━━━━━ Source material
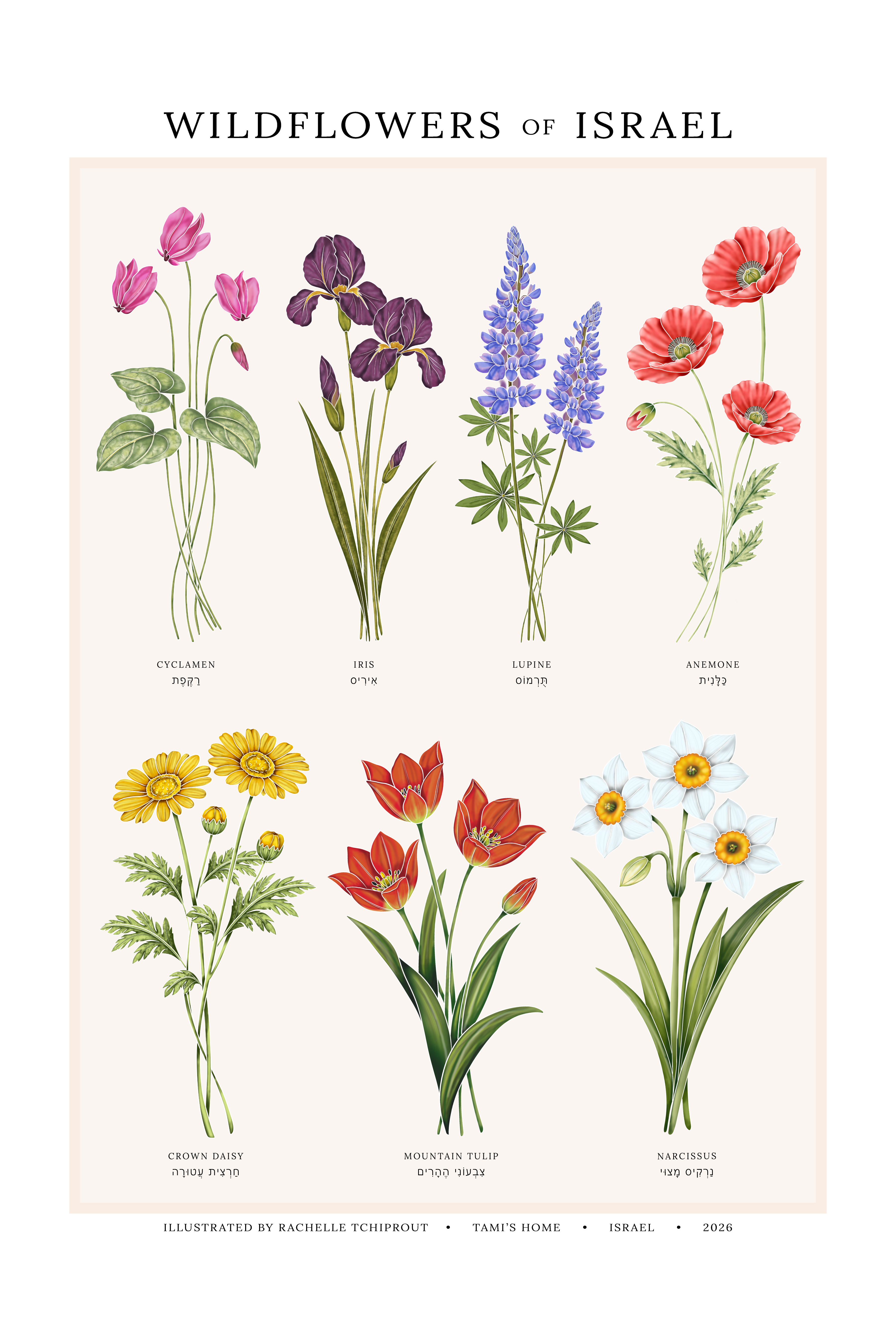 "Wildflowers of Israel" Botanical Print by Tami's Home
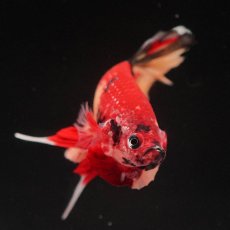 画像3: HMPK　キャンディ (3)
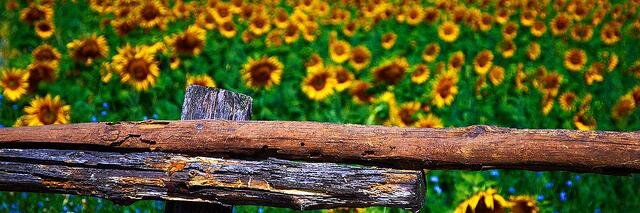 Blog_Sostenible's profile banner image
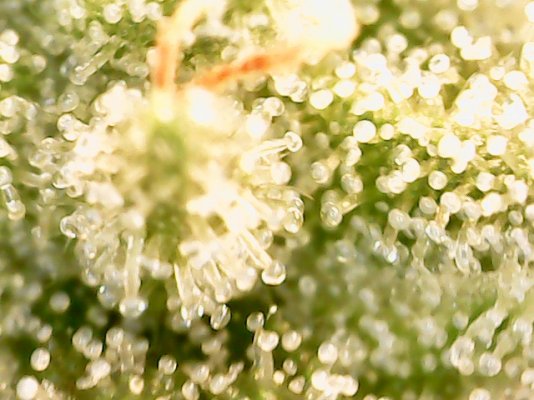 First grow diary, bear with me.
━━━━━━━━━━
Task: When you copy the data, keep every line exact and leave out each picture.

Finished exercise:
 "Wildflowers of Israel" Botanical Print by Tami's Home
 画像3: HMPK　キャンディ (3)
 Blog_Sostenible's profile banner image
 First grow diary, bear with me.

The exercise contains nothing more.